Mengalokasikan sebagian dana ke emas memiliki sejumlah kelebihan, antara lain:
-
Nilai aset cenderung terjaga dalam jangka panjang.
-
Berpotensi melindungi kekayaan dari dampak inflasi.
-
Mudah diperjualbelikan melalui berbagai lembaga resmi.
-
Menjadi alternatif diversifikasi aset.
Karakteristik tersebut membuat emas lebih banyak digunakan sebagai instrumen investasi dibandingkan media penyimpanan dana operasional.
Risiko yang Perlu Dipertimbangkan
Di sisi lain, terdapat beberapa hal yang perlu diperhatikan sebelum menjadikan emas sebagai dana darurat, seperti:
-
Harga emas dapat mengalami kenaikan maupun penurunan.
-
Pencairan membutuhkan proses penjualan terlebih dahulu.
-
Terdapat selisih antara harga beli dan harga jual.
-
Dana tidak dapat digunakan secara langsung dalam kondisi mendesak.
Faktor-faktor tersebut dapat mengurangi fleksibilitas apabila kebutuhan dana muncul secara tiba-tiba.
Bagaimana Strategi yang Tepat?
Banyak perencana keuangan menyarankan agar dana darurat tetap ditempatkan pada instrumen yang likuid, seperti tabungan atau rekening dengan risiko rendah, sehingga dapat segera digunakan ketika dibutuhkan.
Sementara itu, emas dapat menjadi pelengkap portofolio investasi untuk tujuan jangka panjang, bukan sebagai satu-satunya tempat menyimpan dana darurat.
Sesuaikan dengan Tujuan Keuangan
Memilih instrumen keuangan sebaiknya disesuaikan dengan tujuan penggunaannya.
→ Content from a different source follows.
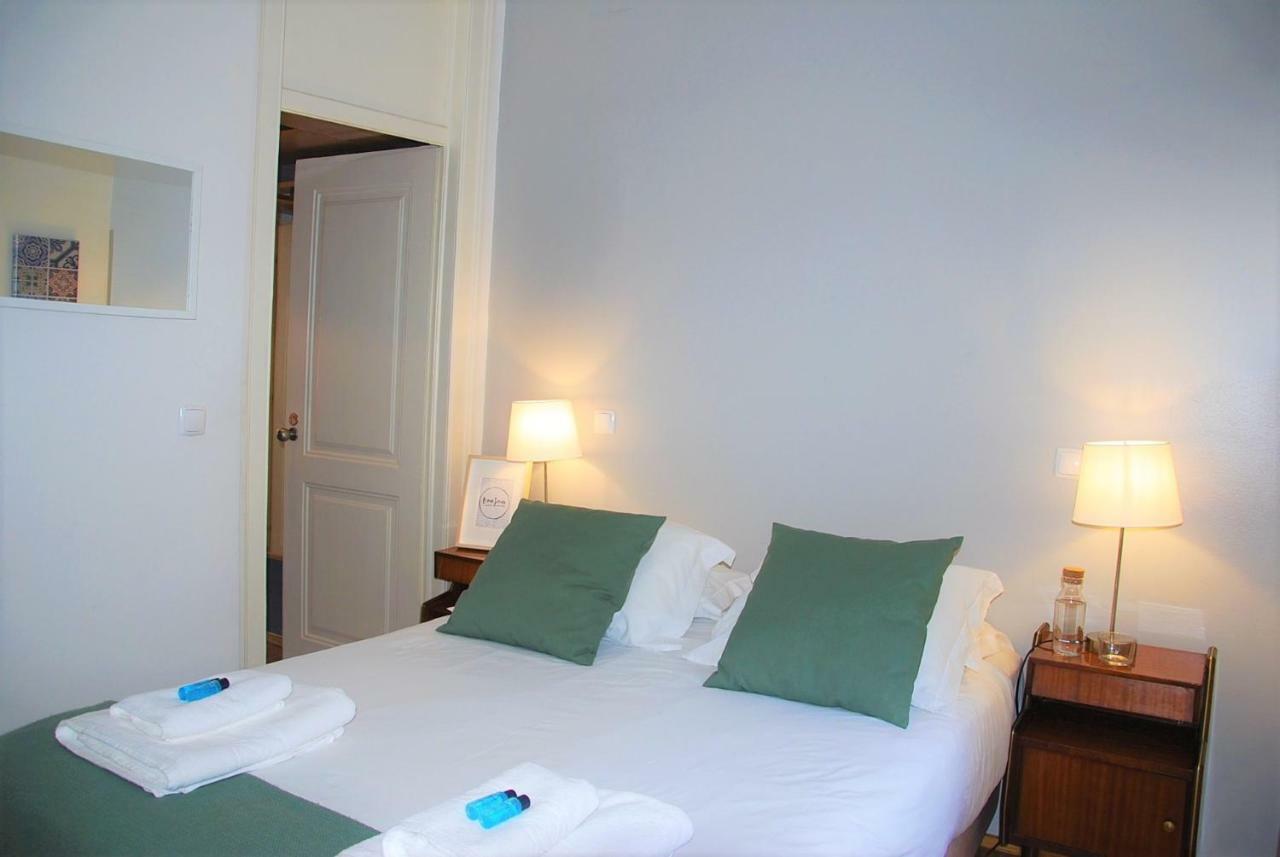 Sunny, And Comfy Ap. In Av. Da Liberdade * Lisboa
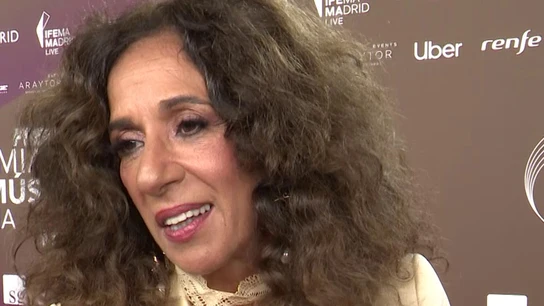 Rosario Flores haciendo declaraciones a la prensa Rosario Flores haciendo declaraciones a la prensa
Dana darurat mengutamakan kemudahan akses dan keamanan, sedangkan emas lebih berperan sebagai aset investasi yang bertujuan menjaga nilai kekayaan dalam jangka panjang. Dengan memahami fungsi masing-masing, masyarakat dapat menyusun strategi keuangan yang lebih seimbang dan sesuai kebutuhan.